Entretenida aunque poco emocionante adaptación del juego, saturada de efectos digitales

Una de las batallas de la película.

Dicen que David Bowie vio antes de morir la película de su hijo Duncan Jones. Pulgar hacia arriba. Warcraft: El origen le gustó. Dicen. Se comprende: amor de padre y amor por la fantasía. Como actor, Bowie siempre mostró cierta inclinación hacia el cine donde lo fantástico tuviera más peso que la realidad. Lo heredó Jones, que había llamado la atención con una miniatura exquisita titulada Moon (una especie de Marte pero con pliegues tenebrosos), y que se pasó luego a la ciencia ficción de presupuesto holgado y más comercial con Código fuente, variante de Atrapado en el tiempo en clave de thriller futurista (Tom Cruise haría a su vez otra variante en Al filo del mañana) que, a pesar de sus desequilibrios y simplezas, volvía a certificar las buenas artes de su director para tejer imágenes poderosas.

No era, pues, una mala opción para tratar de conseguir que una nueva adaptación de un videojuego a la pantalla no se convirtiera en otro producto sin alma e insensato. Un videojuego, además, tan mítico como Warcraft, cuyos admiradores se cuentan por millones en todos los continentes, incluido el propio director. Cuatro años de trabajo después, Jones ha facturado un espectáculo bastante sensato pero sin alma, que, por desgracia, se deja contaminar demasiado por la ceñuda solemnidad de este tipo de historias épico-mitológicas y renuncia a los muchos elementos de humor que hay en el videojuego con los que el apartado lúdico se dispara de manera adictiva. Jones sólo se crece cuando opta por la aventura pura y dura entre enemigos condenados a entenderse y la historia se quita las capas más ampulosas para hacerse directa y casi naíf cual James Cameron en Avatar, título con el que Warcraft tiene más puntos en común de lo que parece, y no sólo por usar aves como monturas.

El resultado es una adaptación discreta del videojuego que luce a medias sus 160 millones de presupuesto (destacan más las escenas de mayor calado mágico que la simple acumulación de combatientes), y que dejará medio satisfechos a los aficionados con sus respetuosas recreaciones de escenarios míticos y el desfile de situaciones y personajes familiares.

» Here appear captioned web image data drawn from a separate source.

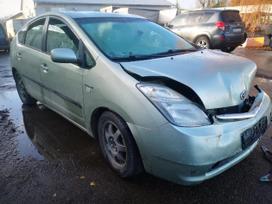 Toyota Prius dalimis. Automobilis ardomas dalimis запасные части автомобиля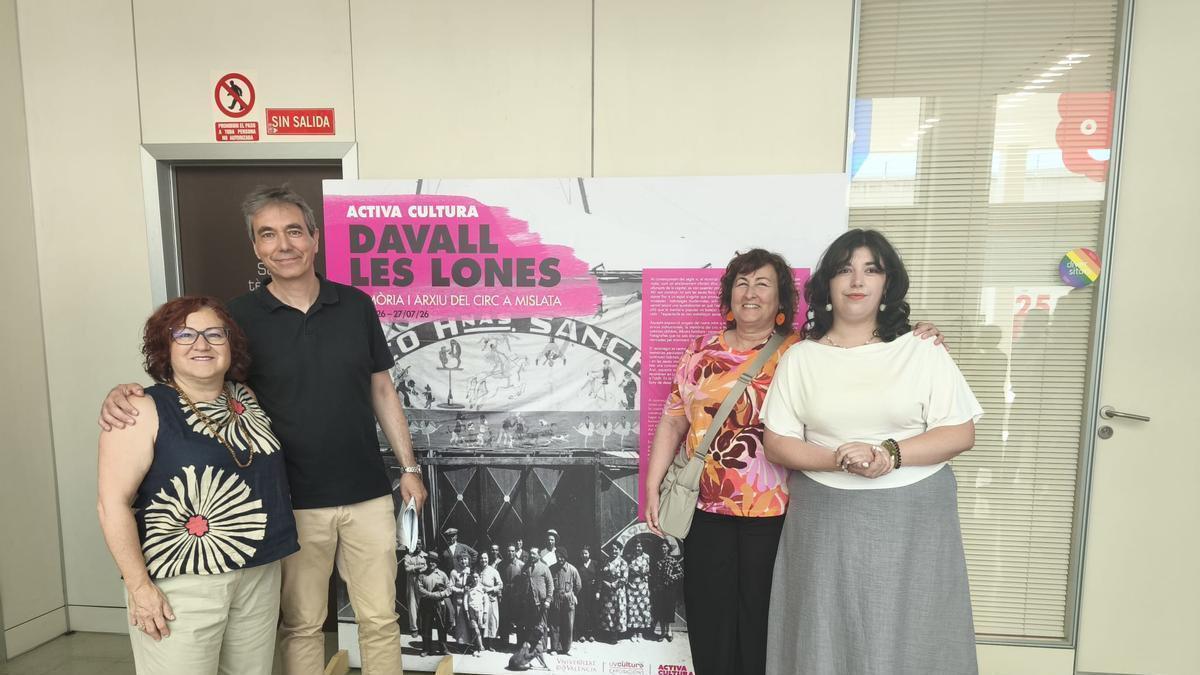 Presentació davall les lones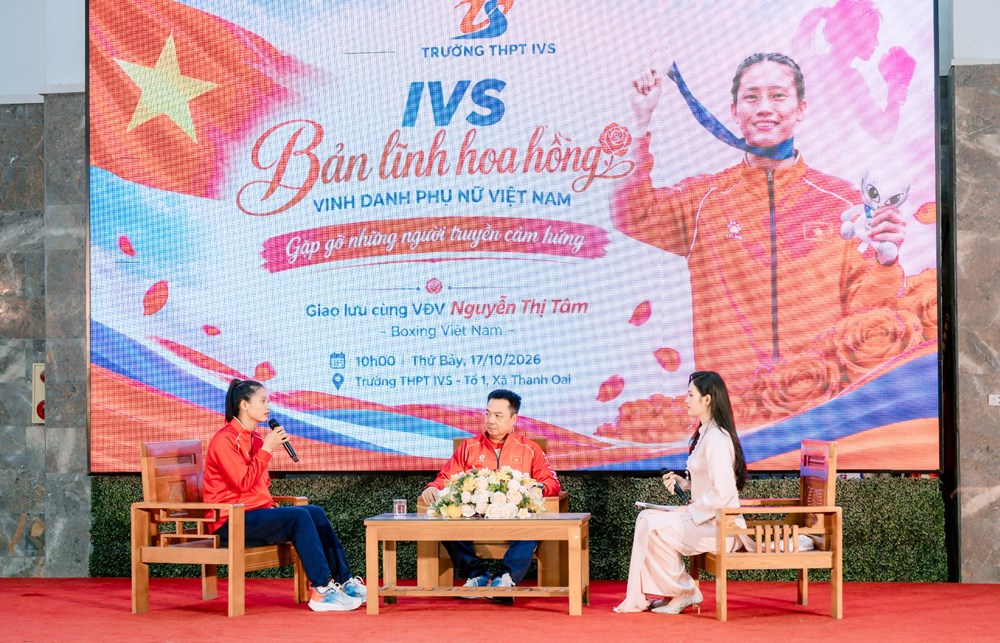 Võ sĩ Nguyễn Thị Tâm nhận món quà đặc biệt từ các học sinh Trường IVS - ảnh 1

El público imparcial se topará con un pasable entretenimiento de irregular reparto (Travis Fimmel está tan mal como en Vikingos) al que cabría reprochar la saturación de efectos digitales demasiado evidentes y reiterativos, la poca empatía que se forma con personajes que la piden a gritos y algunos jaleos de guión por intentar meter demasiadas cosas de los juegos, lo que deriva en algunas partes en una confusión que invoca al tedio peligrosamente. Lo peor de todo es que la sensación final, aunque el pasatiempo saque un cinco con cinco y el talento de Duncan Jones brille ocasionalmente, es de decepción porque aprovecha pocas de las inmensas posibilidades que tiene un videojuego que en sus mejores momentos puede presumir de ser una obra de arte.